YOUR GOAL - Omit the pictures. Print each entry below exactly.

-*-

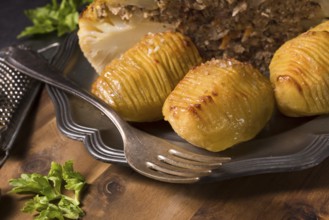 Stuffed cauliflower with mince and Hasselback potatoes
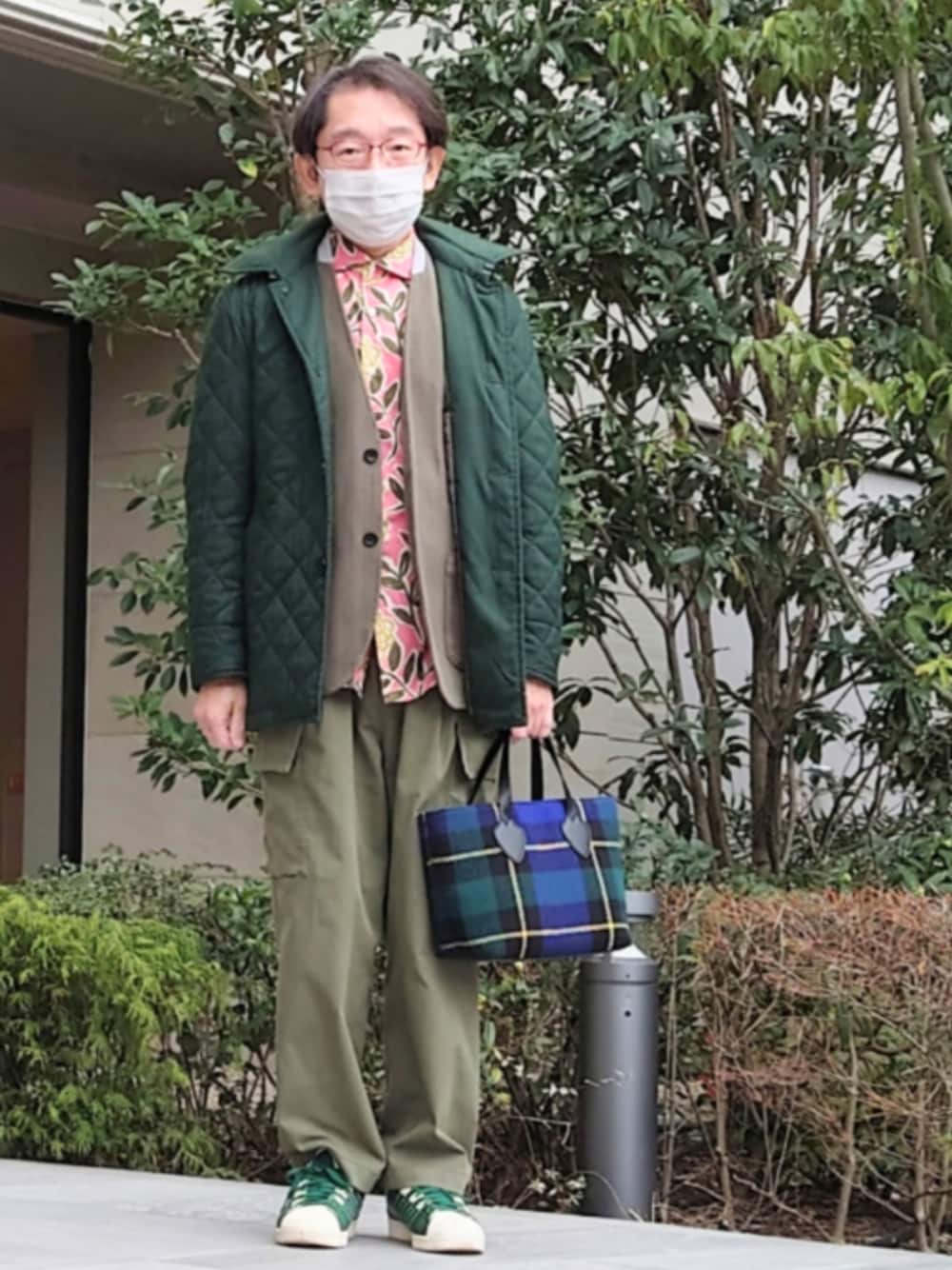 グリーン系のダウンジャケット/コート、ブルー系のショルダーバッグ、グリーン系のスニーカーを着用したメンズの冬コーディネートの1枚目の写真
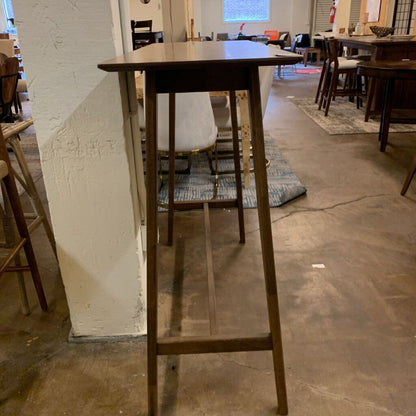 Wooden bar height table in a room with chairs and tables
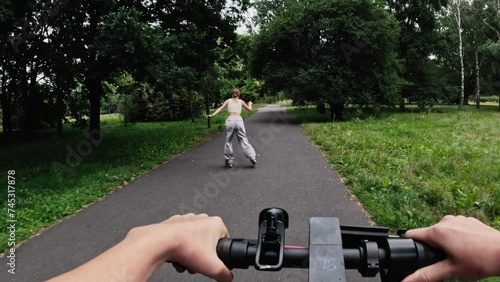 Young woman riding electric scooter with rollerscating teenager girl in park. Friends with modern vehicles enjoying outdoors activities at summer photo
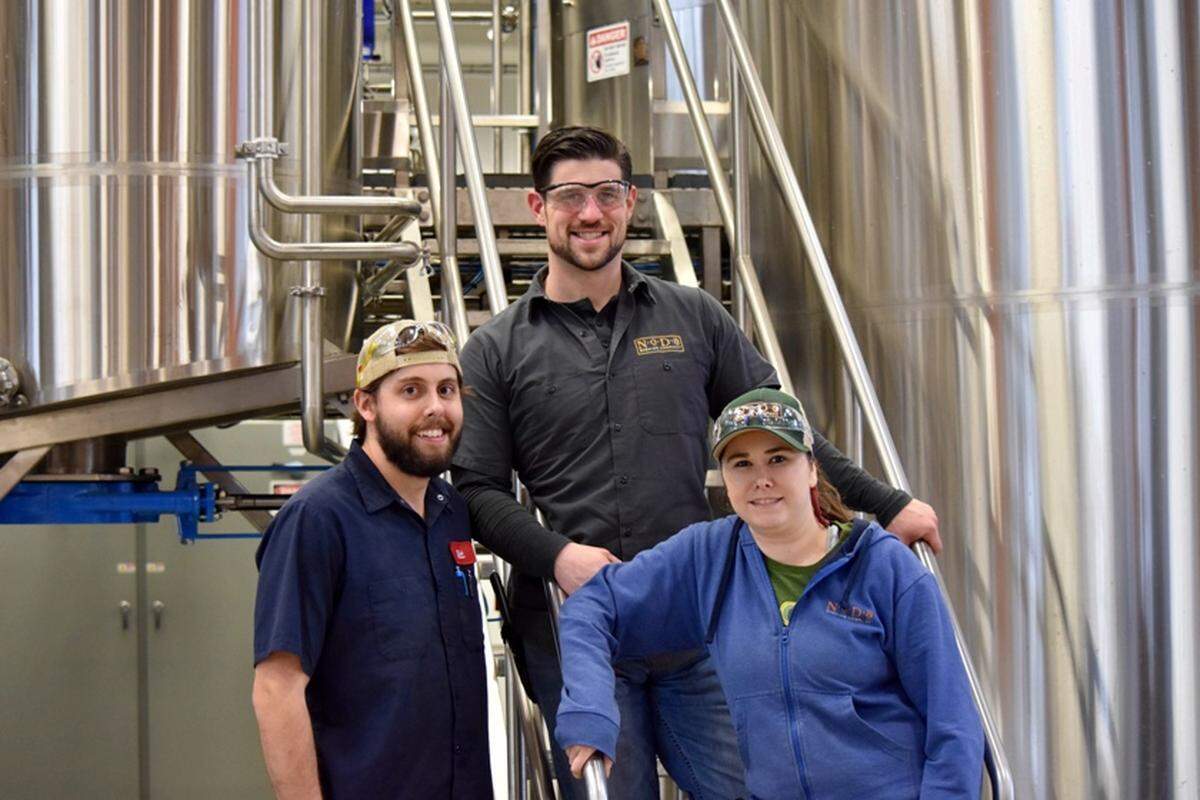 Chad Henderson, Co-Owner and Head Brewer; Matt Virgil, Lead Brewer; and Rachel Cardwell, Assistant Brewer.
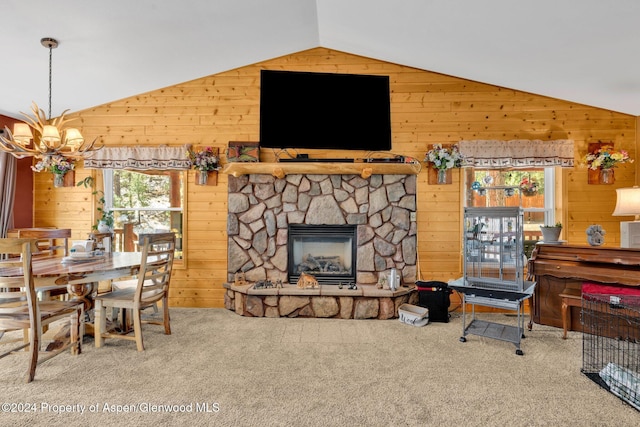 carpeted living room featuring a stone fireplace, wooden walls, vaulted ceiling, and an inviting chandelier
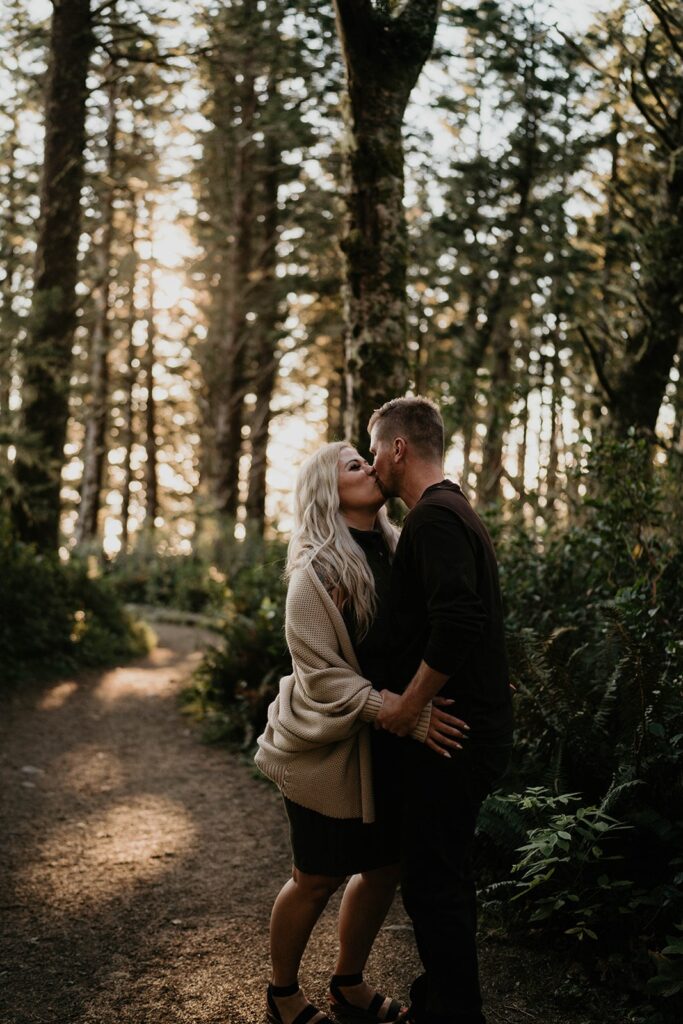 Couple kissing in the forest during their Oregon engagement session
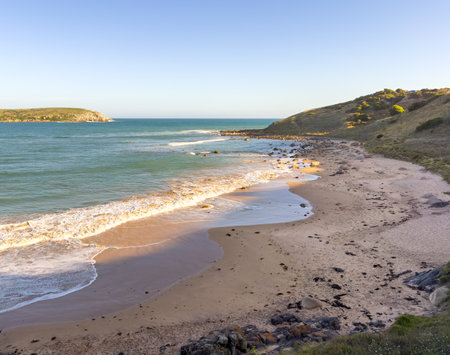 View along Kings Beach on the Fleurieu Peninsula in South Australia at sunsetの写真素材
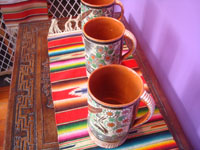 Mexican vintage pottery and ceramics, a set of three pottery petatillo (background of fine cross-hatching resembling a straw mat or petate, in Spanish) chocolate cups, with fabulous artwork, signed by the great Jose Bernabe, Tonala or San Pedro Tlaquepaque, c. 1930's. A side view of the three cups showing the handles.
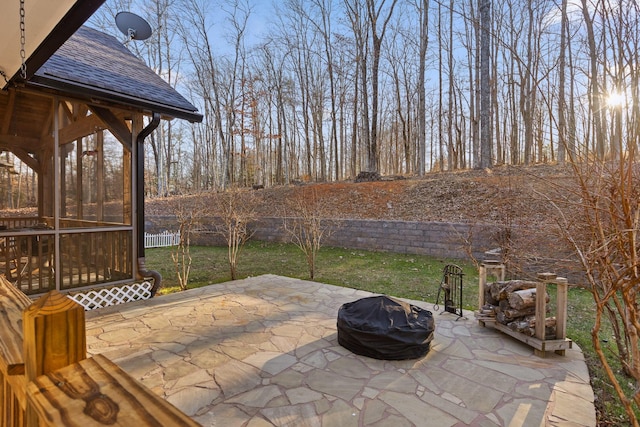 view of patio featuring fence and a sunroom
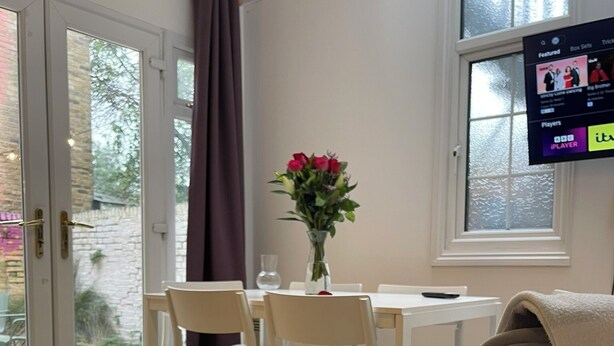 A room with a dining table, chairs, a TV mounted on the wall, and a window with a view of trees. - Chamberlayne Inn (London)
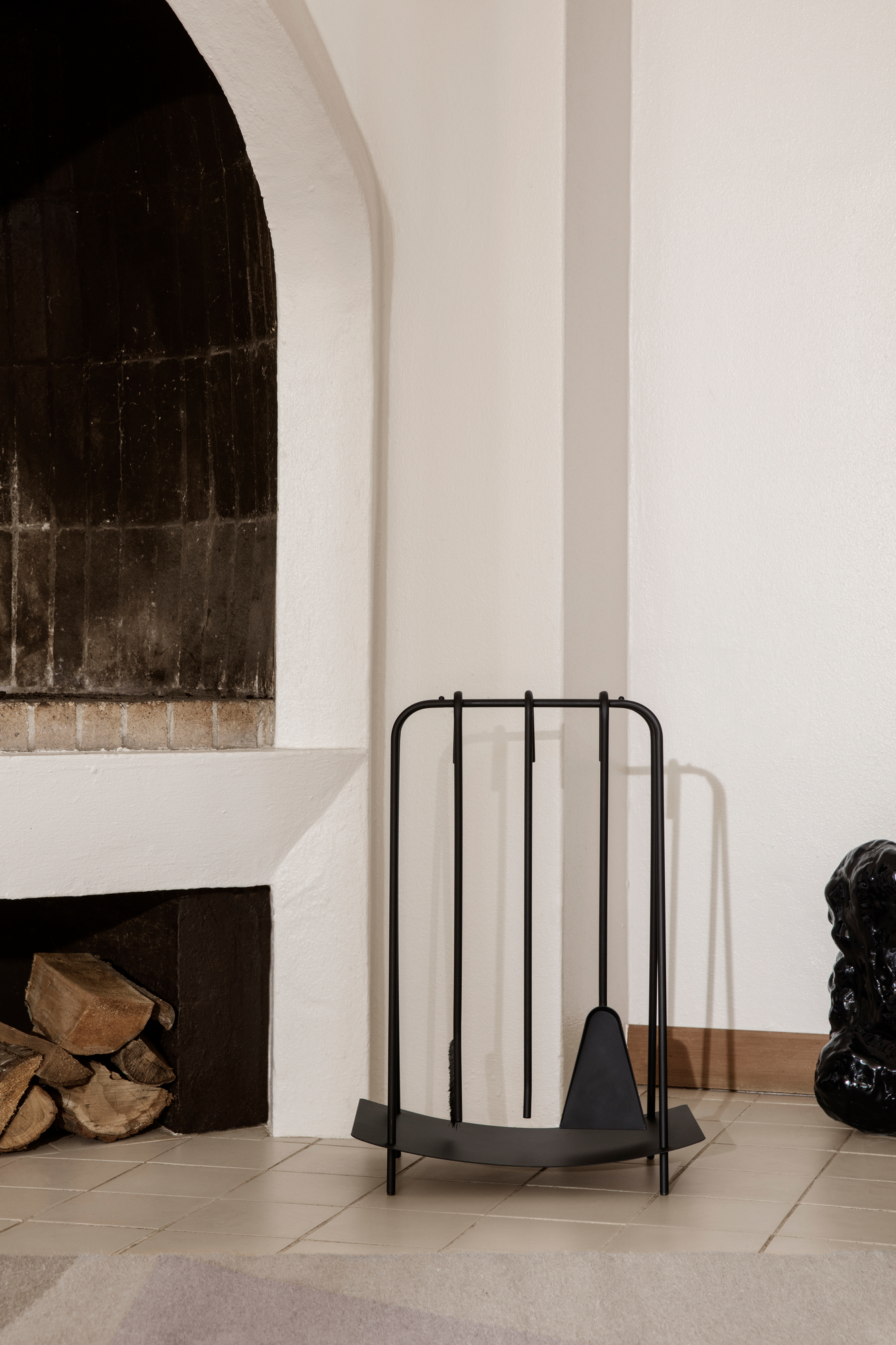 Schwarzes Kaminbesteck von Ferm Living neben einem Kamin mit Holzscheiten. Kaminzubehör für gemütliche Abende.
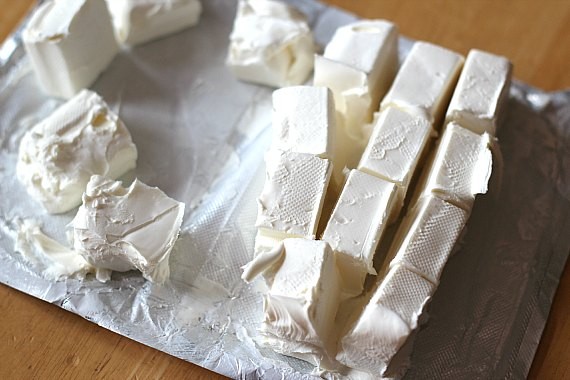 A block of cream cheese cut into cubes.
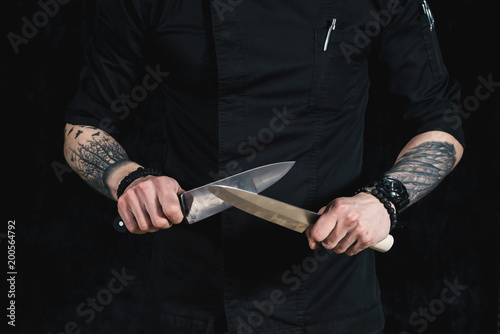 Young attractive man chef in black uniform hands in tattoos holds two knives. black background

-*-

EXPECTED ANSWER -
 Stuffed cauliflower with mince and Hasselback potatoes
 グリーン系のダウンジャケット/コート、ブルー系のショルダーバッグ、グリーン系のスニーカーを着用したメンズの冬コーディネートの1枚目の写真
 Wooden bar height table in a room with chairs and tables
 Young woman riding electric scooter with rollerscating teenager girl in park. Friends with modern vehicles enjoying outdoors activities at summer photo
 Chad Henderson, Co-Owner and Head Brewer; Matt Virgil, Lead Brewer; and Rachel Cardwell, Assistant Brewer.
 carpeted living room featuring a stone fireplace, wooden walls, vaulted ceiling, and an inviting chandelier
 Couple kissing in the forest during their Oregon engagement session
 View along Kings Beach on the Fleurieu Peninsula in South Australia at sunsetの写真素材
 Mexican vintage pottery and ceramics, a set of three pottery petatillo (background of fine cross-hatching resembling a straw mat or petate, in Spanish) chocolate cups, with fabulous artwork, signed by the great Jose Bernabe, Tonala or San Pedro Tlaquepaque, c. 1930's. A side view of the three cups showing the handles.
 view of patio featuring fence and a sunroom
 A room with a dining table, chairs, a TV mounted on the wall, and a window with a view of trees. - Chamberlayne Inn (London)
 Schwarzes Kaminbesteck von Ferm Living neben einem Kamin mit Holzscheiten. Kaminzubehör für gemütliche Abende.
 A block of cream cheese cut into cubes.
 Young attractive man chef in black uniform hands in tattoos holds two knives. black background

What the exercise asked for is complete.